Nous ne somme pas loin en aval de la décolonisation et la France envoyait alors dans son pré carré d’Afrique de l’ouest des “ambassadeurs” de la préfectorale avec mission d’épauler les nouveaux présidents. Tout en préservant les intérêts de la France. “Voyage au bout de la vie” conte les aventures de l’épouse de ce missi dominici, Irène, à l’heure où les indépendantistes revendiquent l’autonomie de la Casamance, ce merveilleux territoire nature du grand sud sénégalais séparé du reste du pays par la Gambie. Laquelle n’a jamais rien fait pour arranger les choses…

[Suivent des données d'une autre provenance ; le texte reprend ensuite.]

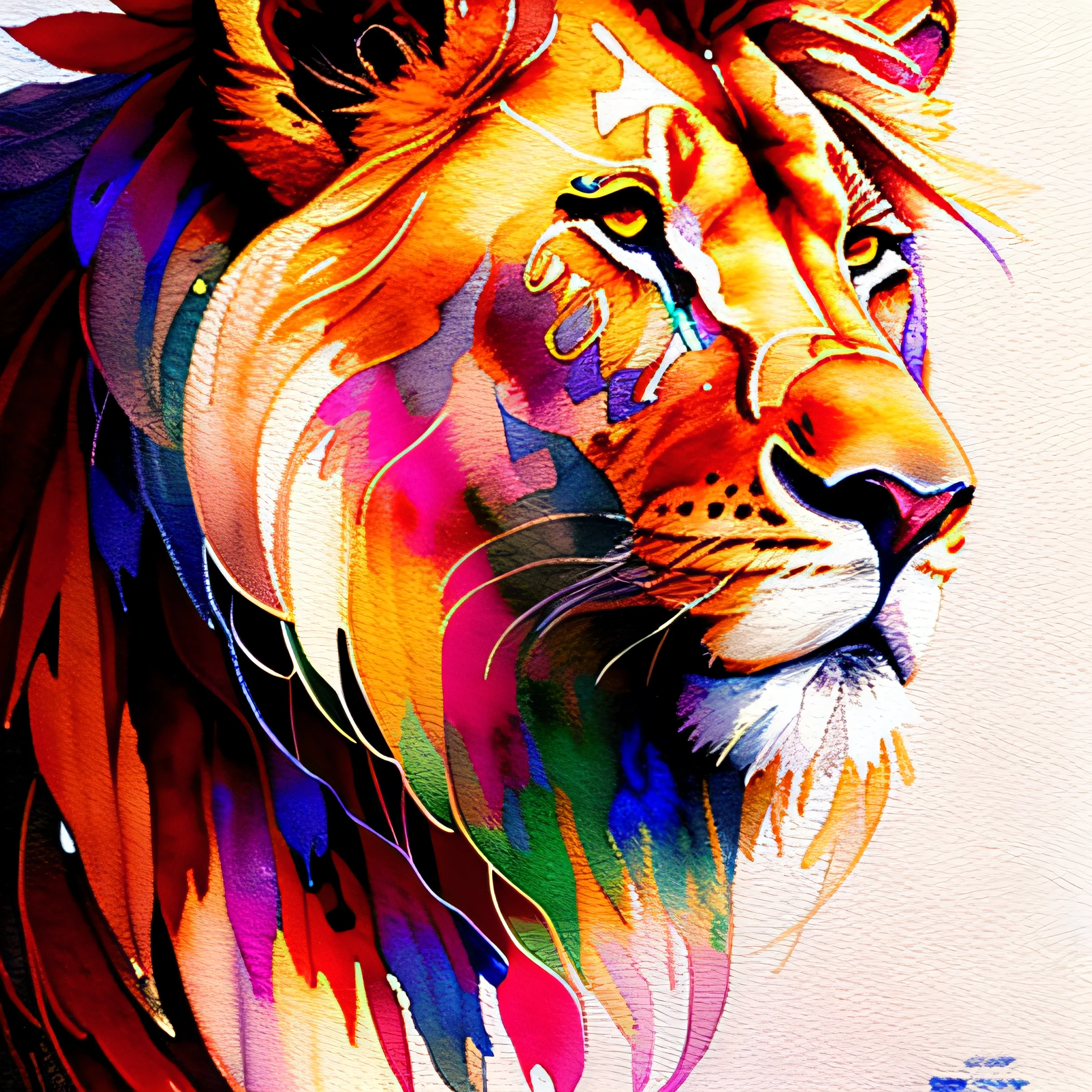 wtrcolor style, digital art of (lion character), official art, frontal, smiling, masterpiece, beautiful, ((watercolor)), face painting, ink splashes, intricate details. Detailed and highly detailed eyes, [pinging: 0.5], Trend in artstation, by Rachel Walker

A Ziguinchor dans les années 2 000.

Irène et Pierre sont cernés par les dangers de toutes parts. “…Et puis tout à coup, ils furent là, à ses côtés, un foulard leur masquant le nez et la partie basse du visage, un poignard à la main. “Avant même qu’elle ait eu le temps de réaliser, les deux hommes s’étaient jetés sur elle, l’un la maîtrisant, l’autre lui pointant la lame sous la gorge… “. Au lieu de fuir, Irène tente de s’intégrer dans les coutumes et la tradition locale. Au contact des autochtones elles se découvre des talents artistique. Alors que Pierre réussit au nom du président Lépold Sédar Senghor à négocier un traité de paix avec les indépendantistes. Rebondissements, scènes palpitantes, histoires d’amour teintées de sensualité africaine, le roman de Marie Lincourt, tiré d’une histoire vraie, tient le lecteur en haleine jusqu’à la dernière page.

C.T

 Ecrivain et journaliste Marie Lincourt (qui collabore à Magcentre dans la ru brique Escapades) a écrit une douzaine d’ouvrages dont “La petite fille dans le placard” (Lattes), “On est mieux chez nos vieux” (Lattes), “Surtout ne viens pas”, “La femme qui cherchait sa vie” (Edition du Panthéon).